In mid-May, a trio of Joint Munitions Command logistics management specialists visited Fort Liberty, formerly known as Fort Bragg, located near Fayetteville, North Carolina.
The group — Charlotte Flynn, Ryan Senkbile and Darren Williams — gained valuable professional knowledge and learned how, like JMC, the installation is aligned with the Army’s priorities of modernization, readiness, and people.
“These types of visits enable the employees at JMC’s headquarters to better understand the work they do and how it impacts the Soldiers in the field, as well as the ammunition supply points that we coordinate munitions deliveries with to support those Soldiers,” Senkbile said.
The contingent participated in the Ammunition Requirements Management Work Group at the U.S. Army Forces Command, which is the largest Army command and a provider of expeditionary, regionally engaged, campaign-capable land forces to combatant commanders.

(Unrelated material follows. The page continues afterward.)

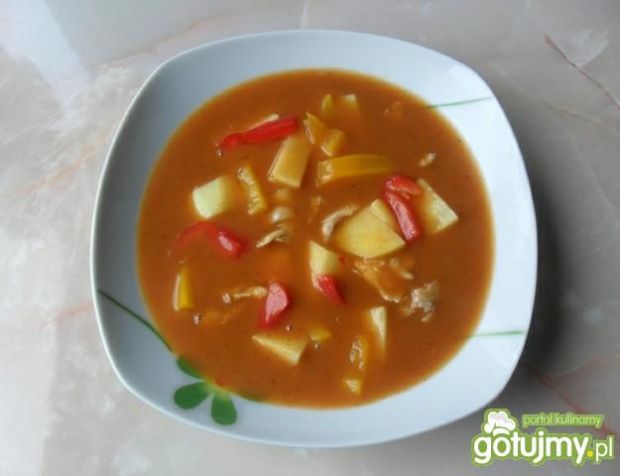 Zupa gulaszowa z ziemniakami  przepis kulinarny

The primary objective of this work group was to provide training and guidance to commands, ensuring the validation of ammunition requirements for the upcoming Fiscal Years of 2024 and 2025. Attendees established face-to-face connections and recognized the importance of in-person interactions in fostering engagement and strengthening collaborative efforts.
The team of JMC reps participated in a session overseen by Chief Warrant Officer Two Caleb Scott, who serves as the Support Operations Ammunition Warrant Officer for the 82nd Airborne Division Sustainment Brigade. The 82nd Airborne is responsible for strategic deployment, parachute assault for forcible entry, and securing important objectives, all within an impressive 18-hour timeframe. Scott is focused on modernizing his team's efforts, and he holds an invaluable role in the operations of Fort Liberty.

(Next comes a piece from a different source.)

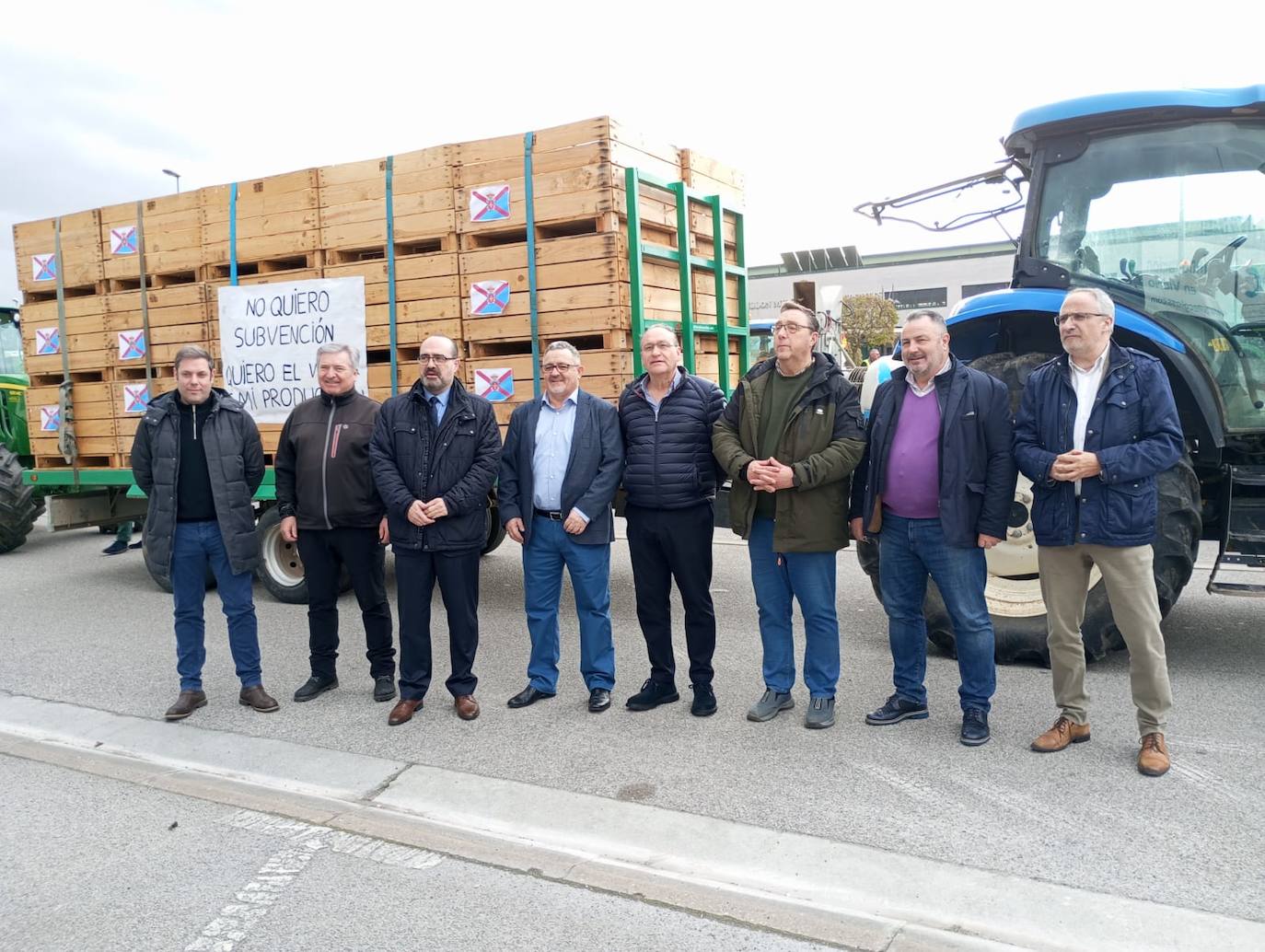 Más de 150 tractores recorrieron las calles de Ponferrada en una protesta histórica del campo berciano.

JMC’s trio also acquired a better understanding of the vital role played by riggers in packing, maintaining, and repairing parachutes. Witnessing the dedication and courage displayed by these Soldiers, regardless of their rank, reaffirmed the importance of trust within the Army's culture and its indispensable role in achieving successful missions.

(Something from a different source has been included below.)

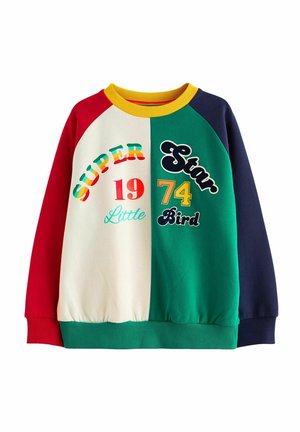 Bunter Pullover-Sweatshirt mit roten, grünen, marineblauen und cremefarbenen Panels, großem Drucktext und Zahlen sowie gerippten Bündchen und Saum.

The JMC staff that visited directly supports the 82nd Airborne providing the munitions that are part of these strategic deployment packages that are rigged to meet the timeline for the 82nd.
Additionally, Flynn, Senkbile and Williams visited the U.S. Army Special Operations Command headquarters. The primary mission of USASOC is to prepare for any conflict and equip the joint force with world-class Army Special Operations Forces. A briefing at USASOC highlighted the significant contribution of Civilians in providing essential support to ensure the success of Soldiers. This provided Flynn, Senkbile and Williams with a greater comprehension of the collaborative efforts necessary to maintain the readiness of the Joint Force for various operational challenges.
This meeting also provided the trio a better understanding of the unique ammunition requirements and needs for USASOC. The team that visited is tied to the distribution of these unique items whether for training in the contiguous United States or for missions being conducted outside the contiguous as USASOC provides partnership training with local national forces.
“The knowledge gained during this trip gave Ms. Flynn and Mr. Williams a greater understanding of how munitions requirements are formed, the work that is done at the Army commands in order to identify those requirements, and how we at JMC support them,” Senkbile said.